Embora não possam ser usadas judicialmente, essas mensagens abalaram a credibilidade da operação de modo muito enfático, principalmente gerando afirmações de conluio entre acusação e magistrado. Esse abalo pode ser revertido? Isso é um problema social, um problema político. Abalo na credibilidade de uma operação é como a sociedade enxerga isso, como as pessoas do mundo exterior veem a Operação Lava Jato e o grau de apoio que ela recebe ou não. Credibilidade é uma questão que muito mais afeta a percepção do outro do que a tua própria percepção sobre os fatos.

Mas o fato que eu vejo é que muitas mensagens são colocadas de modo absolutamente descontextualizado, de modo equivocado, tentando induzir em raciocínios mentais para as pessoas que leem as matérias, que trazem essas mensagens de um modo mundo direcionado, muito equivocado.

Anos atrás houve muitos questionamentos em relação ao TRF-4, especialmente da defesa de Lula, em relação à celeridade dos processos que tramitaram sobre ele. A defesa e ele até hoje insistem que isso era para tirá-lo do jogo político em 2018. Como o sr. se posiciona sobre isso? Não tem nenhuma preocupação política. Nunca houve no TRF-4, nos juízes criminais, nenhuma intenção para que pudesse prejudicar ou beneficiar quem quer que seja. Nunca olhamos para capa de processos, para nomes. Pode verificar que a conduta é mais ou menos homogênea em todos os processos.

Absolvemos diversos réus que foram condenados no primeiro grau, agravamos penas de outros e diminuímos penas... O tribunal agiu sempre com muita tranquilidade e serenidade, não houve essa decantada articulação política.

Não temos nenhum interesse político. Isso é um discurso que se procura criar, essa politização. Eu até vejo com naturalidade esse discurso quando vem da boca de quem vive a política, que tem o viés de olhar as coisas por essa ótica, achando que tudo é política. O nosso tratamento é técnico-jurídico, é assim que nós procedemos.

O tribunal é conhecido por sua produtividade, é célere como um todo, as turmas criminais são mais céleres ainda, porque estamos tratando do direito de ir e vir das pessoas, com réus presos.

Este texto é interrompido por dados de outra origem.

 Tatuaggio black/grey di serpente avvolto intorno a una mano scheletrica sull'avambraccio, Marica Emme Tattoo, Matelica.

Ninguém privilegiou processo A ou processo B. O que há, isso é fato, nesses processos da Operação Lava Jato nós vamos compreendendo e conhecendo durante muito tempo. No dia em que há uma operação no primeiro grau, seja prisão ou busca e apreensão, eu começo a receber exceção de suspeição, habeas corpus, exceção de incompetência, recursos contra apreensão de bem, pedido para liberação, embargos de terceiros. Eu começo a conhecer o processo.

Quando ele chega no tribunal, e não estou me relatando a um processo específico, chega com uma gama de informação e decisões praticamente já tomadas. Não há e nunca houve nenhuma preocupação política e isso pode ser verificado porque já julgamos políticos de vários partidos e nenhum deles foi beneficiado ou prejudicado por qualquer motivo.

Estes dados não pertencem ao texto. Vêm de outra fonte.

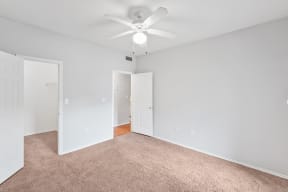 a bedroom with gray carpet and a white ceiling fan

Todos receberam o mesmo tratamento: republicano, digno, respeitoso, e o tribunal empregou os melhores dos seus esforços para julgar as condutas. Não estamos julgando o ser humano, nem as histórias das pessoas, mas as condutas e as provas nos processos.

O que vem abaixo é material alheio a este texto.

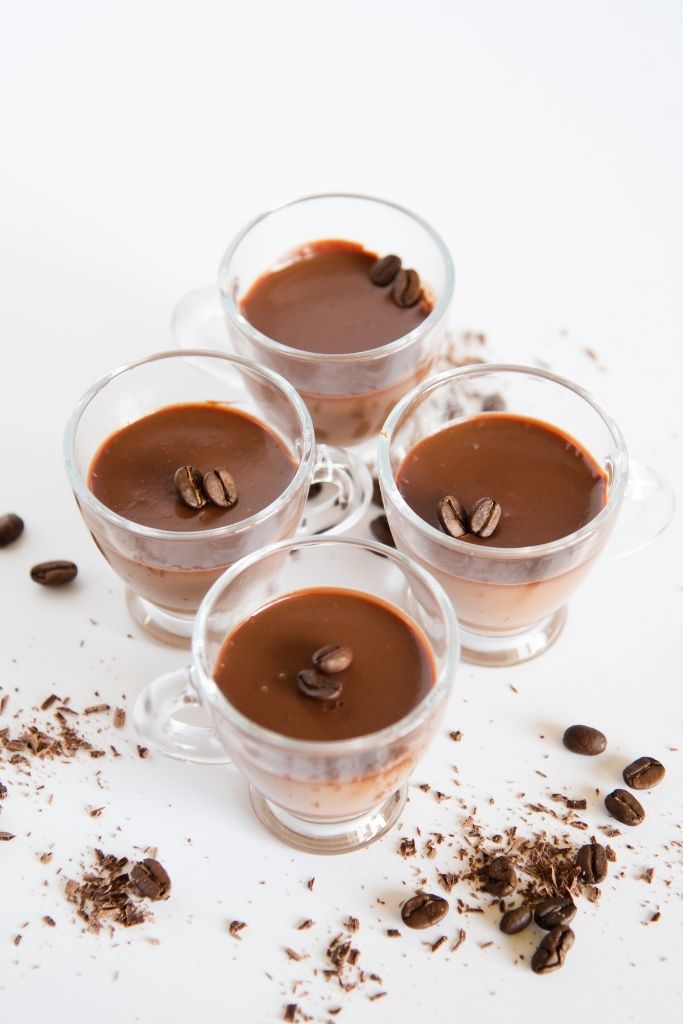 finished coffee shots with coffee beans and chocolate shavings around them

A defesa do ex-presidente Lula afirmava que o sr. tinha amizade íntima com o ex-juiz Moro. Como o sr. viu isso e qual a sua relação com ele? Eu já tive que responder a uma exceção de suspeição [recurso sobre o tema]. Acho legítimo que a parte entre com todos os recursos, isso é muito natural e muito transparente. Sou amigo de longa data do juiz Sergio Moro, nos conhecemos na magistratura em primeiro grau de jurisdição.

Eu atuava numa vara e ele em outra vara, assim como sou amigo de dezenas, se não centenas de magistrados de primeiro grau, e isso não me torna impedido pra julgar nenhum processo de nenhum desses juízes. Ser amigo de um juiz não é a mesma coisa de ser amigo da parte. O juiz é o julgador do processo. E tenho amigos nos tribunais superiores e no TRF-4 e isso não me torna suspeito e nem os torna suspeitos de julgar nenhum processo.​

Raio-X

João Pedro Gebran Neto, 57
É o relator da Lava Jato no TRF-4 (Tribunal Regional Federal da 4ª Região) desde 2014, ano em que a operação foi deflagrada. Juiz federal no Paraná a partir de 1993, foi nomeado para a corte regional em 2013. Também é mestre em direito pela Universidade Federal do Paraná.